A doctor in China passed out after blowing air into a toddler’s lungs in a bid to keep the young patient’s blood oxygen levels balanced during surgery.
Zhong Yan is a 64-year-old surgeon who works at Jiaozuo Women and Children’s Hospital in Henan, central China, according to a report by state broadcaster CCTV.
On the evening of December 24, a 17-month-old boy was rushed to the hospital for emergency treatment because he was choking on nuts.
Doctors cleared his airway and emptied his stomach, but during a check-up the next morning they discovered some nut pieces in his lungs and decided to operate to remove them.

On the operating table, Zhong noticed that the oxygen levels in the boy’s blood were too low, so the doctor removed his mask and began blowing air into the child’s lungs through a bronchoscope.
During the 30-minute-long surgery, Zhong switched between performing the operation and blowing the air.
When the procedure was almost over, the surgeon told his colleagues: “I can’t carry on.” He then fell on to the floor of the operating room.
“At that time, I felt a sensation of suppression in my chest and numbness in my limbs. I was sweating a lot and my clothes and gloves were sticking to me,” Zhong said later.
The surgeon regained consciousness after his colleagues gave him some liquid glucose and oxygen, and his first thought was to ask about his young patient.
“I am fine. Please check if the boy’s pulmonary ventilation volume is all right,” he said.
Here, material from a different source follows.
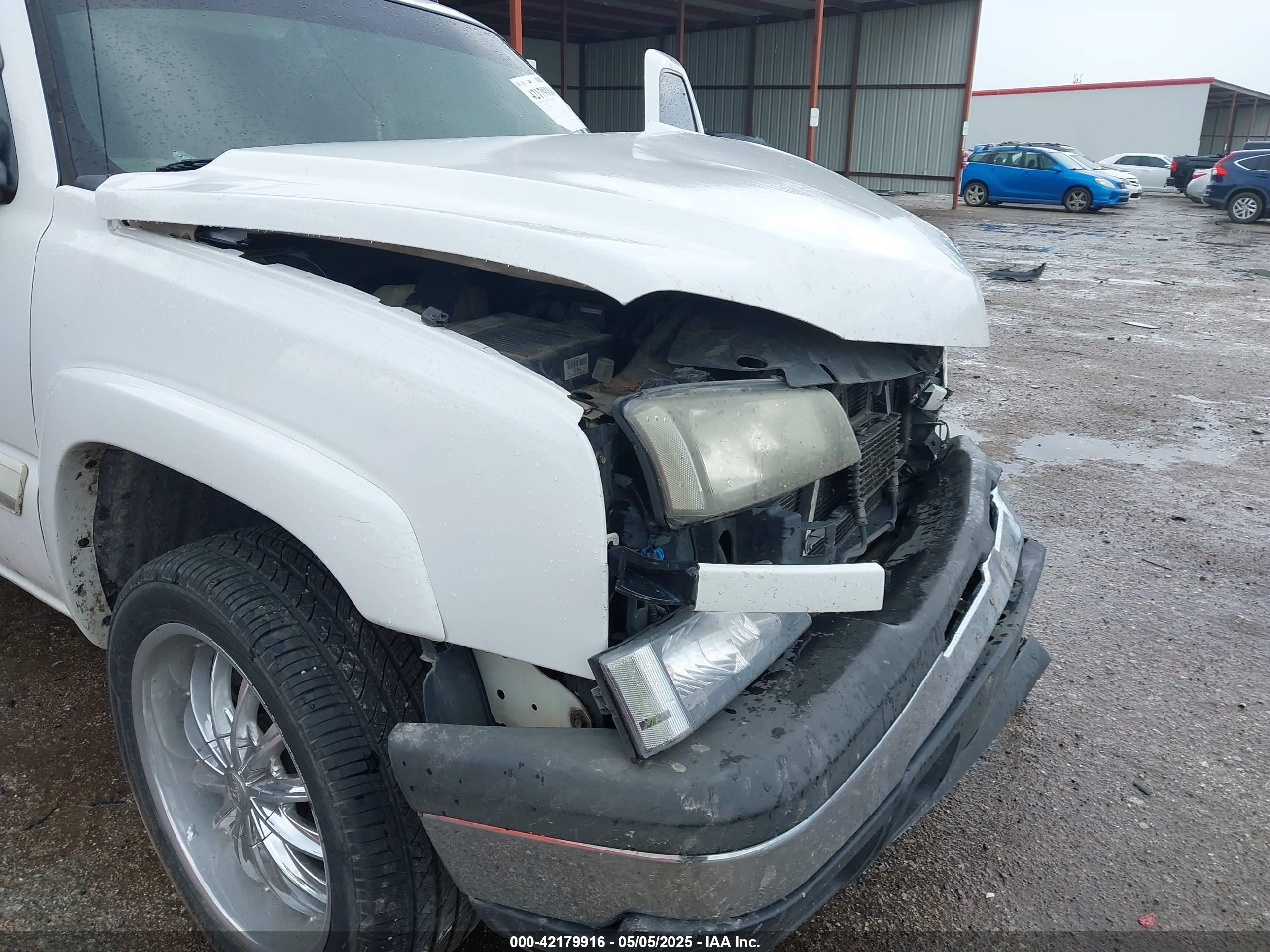 CHEVROLET SILVERADO image 6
The surgery was a success after Zhong and his colleagues cleared at least 10 pieces of chopped nuts from the baby’s lungs.
The child’s grateful parents sobbed and thanked the diligent doctor and his team profusely when they heard the news.
Stories of doctors going the extra mile and using their initiative to save a patient’s life while sometimes risking their own health, regularly make headlines in China.

Two years ago, a pair of surgeons rigged up makeshift surgical apparatus and performed a life-saving emergency procedure when a passenger was taken ill on a flight from Guangzhou to New York.
The elderly man had a swollen stomach and enlarged prostate, so the doctors – one from southern Guangdong province and the other from Hainan province in the same part of China – siphoned off his urine through straws.